The job is to output each record exactly as it stands, pictures excluded.

BEGIN Information

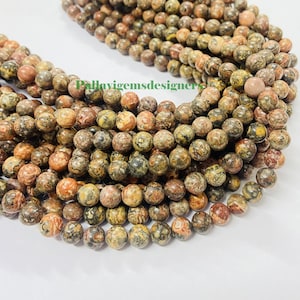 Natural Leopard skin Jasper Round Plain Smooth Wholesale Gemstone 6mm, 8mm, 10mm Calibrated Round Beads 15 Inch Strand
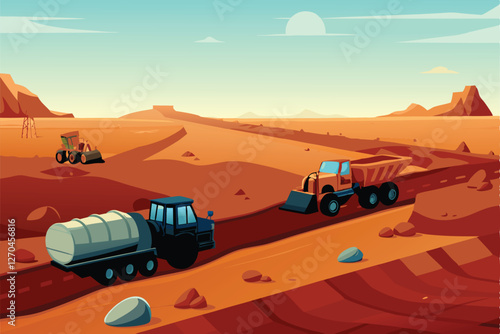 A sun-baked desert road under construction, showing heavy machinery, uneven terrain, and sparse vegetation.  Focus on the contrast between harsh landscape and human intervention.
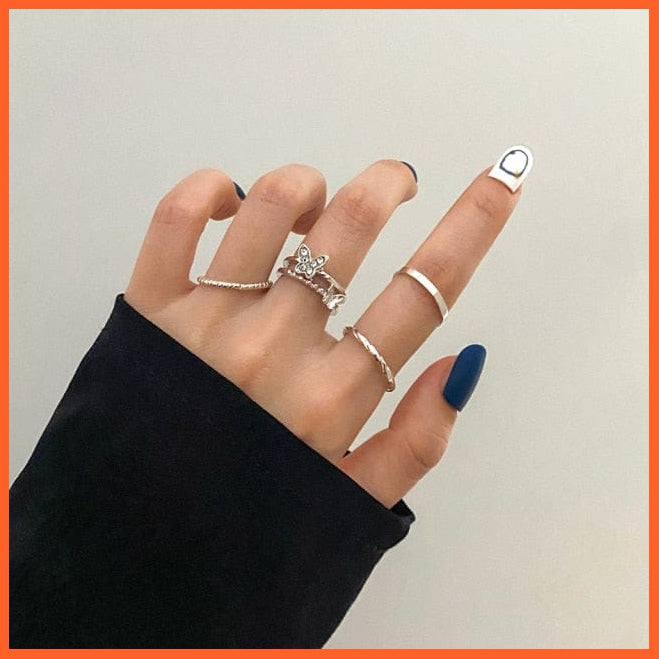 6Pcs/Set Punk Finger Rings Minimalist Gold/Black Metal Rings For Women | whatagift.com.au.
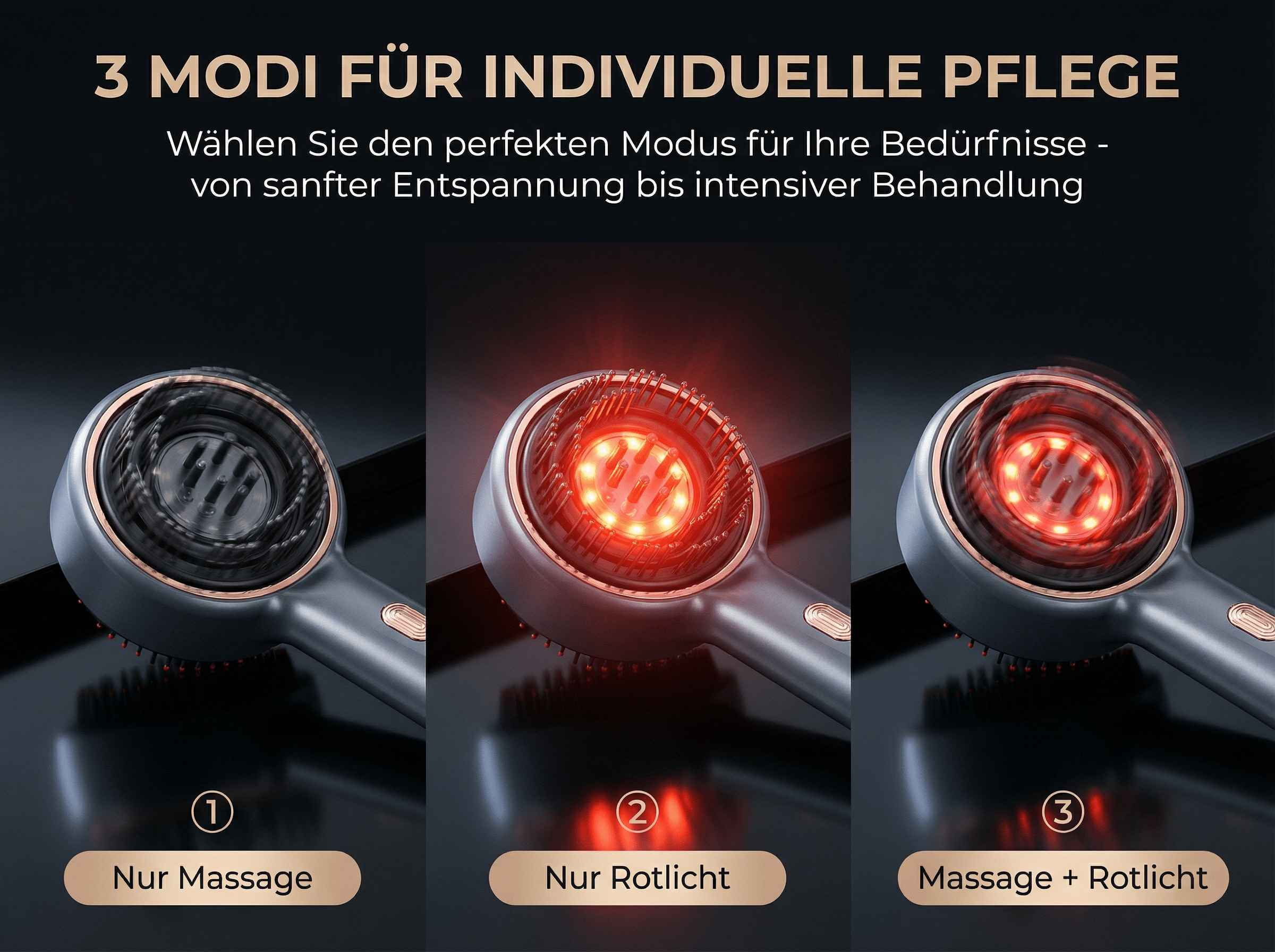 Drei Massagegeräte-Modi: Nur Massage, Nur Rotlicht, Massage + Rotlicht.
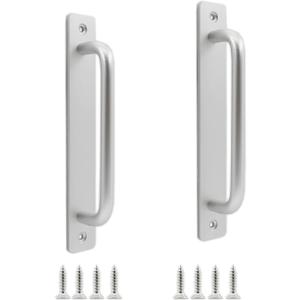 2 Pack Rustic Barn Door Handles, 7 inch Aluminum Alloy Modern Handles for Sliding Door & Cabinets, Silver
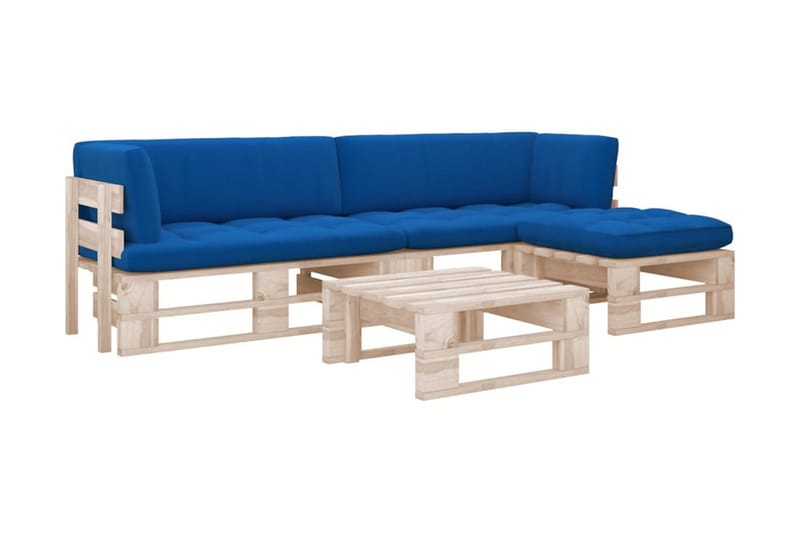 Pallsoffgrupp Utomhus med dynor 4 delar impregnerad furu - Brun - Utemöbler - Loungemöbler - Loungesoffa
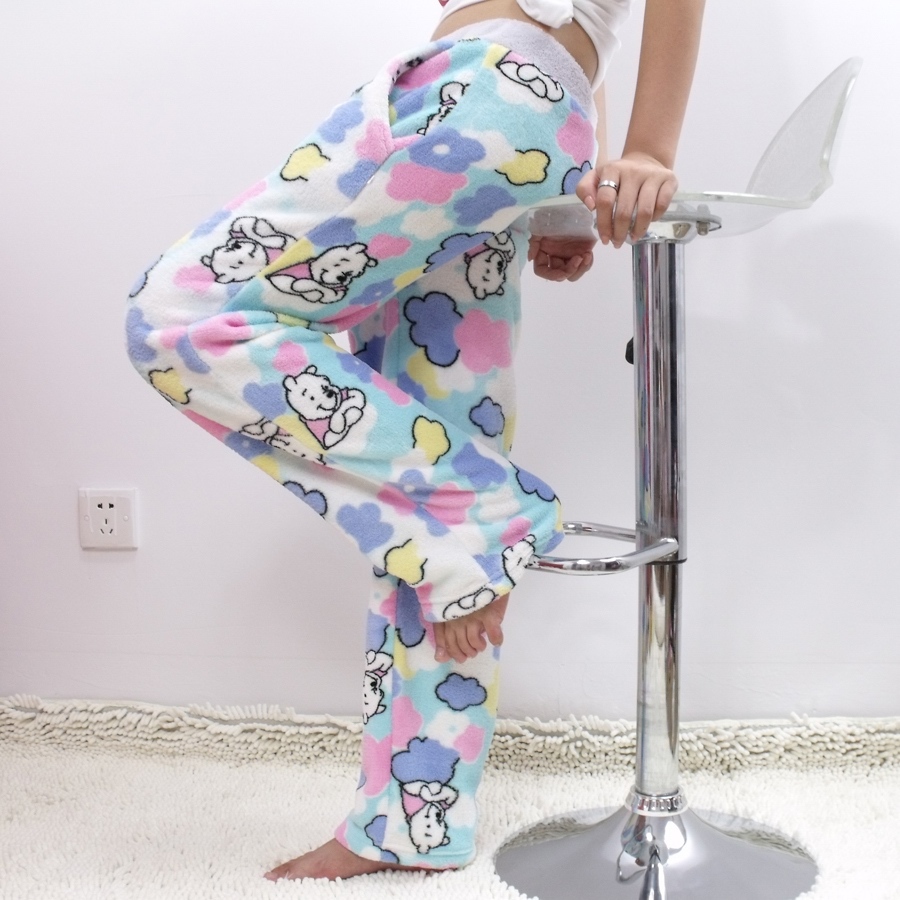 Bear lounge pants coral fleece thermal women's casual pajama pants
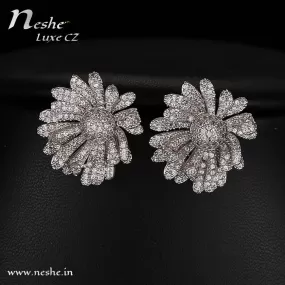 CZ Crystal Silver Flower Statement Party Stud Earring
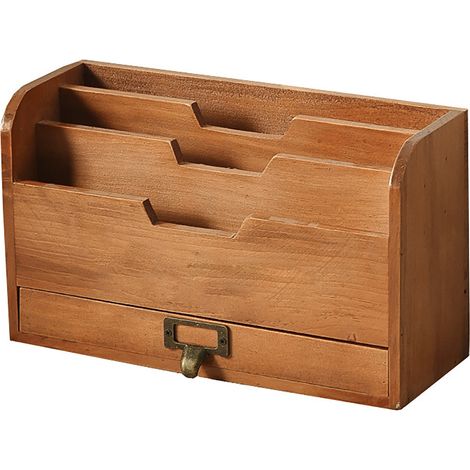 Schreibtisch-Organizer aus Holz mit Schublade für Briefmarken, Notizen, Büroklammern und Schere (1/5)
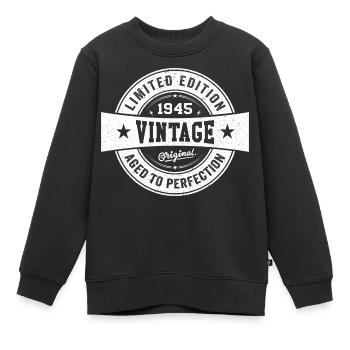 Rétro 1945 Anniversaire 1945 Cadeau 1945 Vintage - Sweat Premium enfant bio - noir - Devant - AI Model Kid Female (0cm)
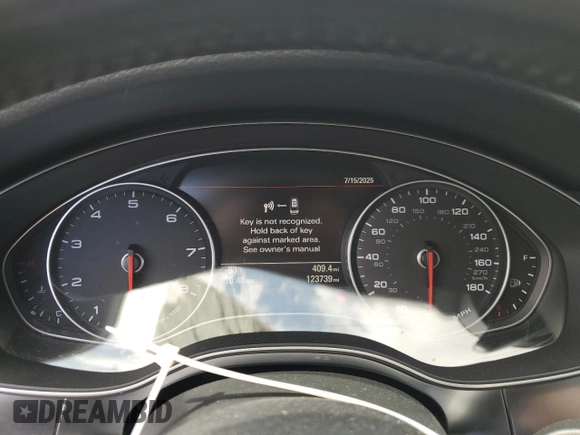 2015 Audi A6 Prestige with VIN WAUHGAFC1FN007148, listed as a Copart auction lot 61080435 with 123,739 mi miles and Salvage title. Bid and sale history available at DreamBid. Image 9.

END Information

- [Solution below]
 Natural Leopard skin Jasper Round Plain Smooth Wholesale Gemstone 6mm, 8mm, 10mm Calibrated Round Beads 15 Inch Strand
 A sun-baked desert road under construction, showing heavy machinery, uneven terrain, and sparse vegetation.  Focus on the contrast between harsh landscape and human intervention.
 6Pcs/Set Punk Finger Rings Minimalist Gold/Black Metal Rings For Women | whatagift.com.au.
 Drei Massagegeräte-Modi: Nur Massage, Nur Rotlicht, Massage + Rotlicht.
 2 Pack Rustic Barn Door Handles, 7 inch Aluminum Alloy Modern Handles for Sliding Door & Cabinets, Silver
 Pallsoffgrupp Utomhus med dynor 4 delar impregnerad furu - Brun - Utemöbler - Loungemöbler - Loungesoffa
 Bear lounge pants coral fleece thermal women's casual pajama pants
 CZ Crystal Silver Flower Statement Party Stud Earring
 Schreibtisch-Organizer aus Holz mit Schublade für Briefmarken, Notizen, Büroklammern und Schere (1/5)
 Rétro 1945 Anniversaire 1945 Cadeau 1945 Vintage - Sweat Premium enfant bio - noir - Devant - AI Model Kid Female (0cm)
 2015 Audi A6 Prestige with VIN WAUHGAFC1FN007148, listed as a Copart auction lot 61080435 with 123,739 mi miles and Salvage title. Bid and sale history available at DreamBid. Image 9.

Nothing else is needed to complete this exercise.